I remember reading about the concept of hygge a few years ago when it was all the rage in America: a form of sprucing up our winters so they’d be more fun (bearable); a way to transform them into something evergreen-scented and Instagrammable. We do this with everything, you know. We turn suffering into a cursively-printed meme so that it looks like we chose to put ourselves within our current circumstances, like this is all part of our greater plan to better ourselves and the world.
There is no dressing up the flu.
Last week, on the third day of my three days of antibiotics, I was driving home from getting fingerprinted for permanent Australian residency paperwork when my phone rang. My doctor was on the other end of the line: “You’re going to laugh,” he said. “Want to f-ing bet?” I wished I could say, because I knew what was coming: my throat swab had come back positive for influenza A.
So there had been no real need, other than placebo effect, for that gut-searing trio of pills, but I wasn’t mad. I felt validated. I texted The Husband from the next red light–I HAVE THE FLU, OFFICIALLY–so that he’d know the struggle had, indeed, been real, that my hacking coughs at bedtime weren’t just for show. My aches and exhaustion had a source, one I’d supposedly been inoculated against but JUST KIDDING NOT THAT STRAIN, and the preceding and next few days would be marked by mandated rest.
Cue the Netflix.
“I always wish I had more time to read and watch TV, and then when I do, I’m mad that I can’t do more,” I told a friend, who reasoned that it would be more fun to read and watch TV if I didn’t feel like shit. I forgot that part. Nonetheless, I camped out in front of of the brick-of-a-memoir I’m reading, in front of peppermint and camomile teas, in front of Adam Sandler movies, in front of a week devoid of the gym and sweating other than from a fever. Then, on Saturday as I was getting my hair did for a dinner, my hairstylist mused that maybe the alcohol that would be served that night would actually help me get better, and my recovery officially entered a new mode: back to real life.
But not too far back into it, as I sat on the couch Sunday and searched Netflix for Christmas movies, settling finally on 2015’s A Very Murray Christmas and spending the next hour charmed by its host. Winter in Sydney is not the brutal whitescape that motivated the Danes toward the philosophy of hygge, but also: it’s not the beautiful whitescape that motivated the Danes toward the philosophy of hygge. It’s a number of things, among them the good–sixty-five degree days at the beach in the sun; the bad–grey dreariness for days at a time; and the ugly–no Christmas.
So I made my own little hygge right there on the couch, Christmas carols and peppermint tea blazing. I had been forced into a week of rest and this was its swan song, the celebration of stillness.
This stillness is not one I chose, like so many of the hard-to-unwrap gifts I’ve been given. But the unwrapping has occurred anyway, the presents revealed in the present: closeness with the boys on the couch; laughing together at The Cat in the Hat‘s animated antics; watching them get bored, tell me about their boredom, and then create tools to deal with it; hearing them play together; forcing them into an awareness of a mom who can’t do as much or be as everything right now. TH took them to school one morning while I both luxuriated in this rare event and questioned my own value without my typical usefulness.
I had a lot of time to think, is what I’m saying. A lot of time to…notice.

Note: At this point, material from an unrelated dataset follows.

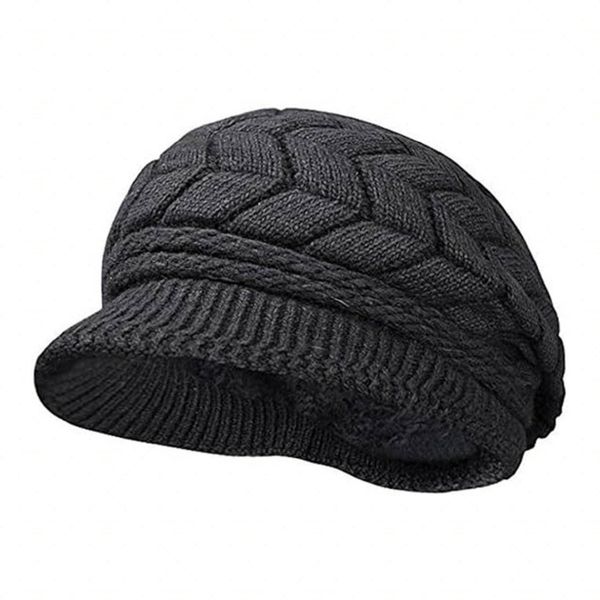 Women Winter Warm Knit Hat Wool Snow Ski Caps with Visor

And here is what I noticed, the things that pop out in stillness and reveal themselves as gifts: how easy it usually is to use my lungs. How beautiful the view is from the window. How good food can taste. How social Little Brother is, how he puts too much pressure on himself to please others, how gorgeously affectionate and sensitive he is. How The Kid may complain about what he has to do, but then he does it and I get a photo texted from his therapist of the artwork he spent hours on at school, a rendering–his incomparable rendering–of a book cover that is now on its way to be celebrated in the principal’s office with the teacher’s comment echoing my own: “I just love the way he sees the world.”
These moments of awareness, of the clouds opening up for the rainbow, of rest in the midst of everything else: like a song, maybe the one I chose or the one the boys did, echoing throughout the car as LB sings along in the backseat, music always waiting to be heard.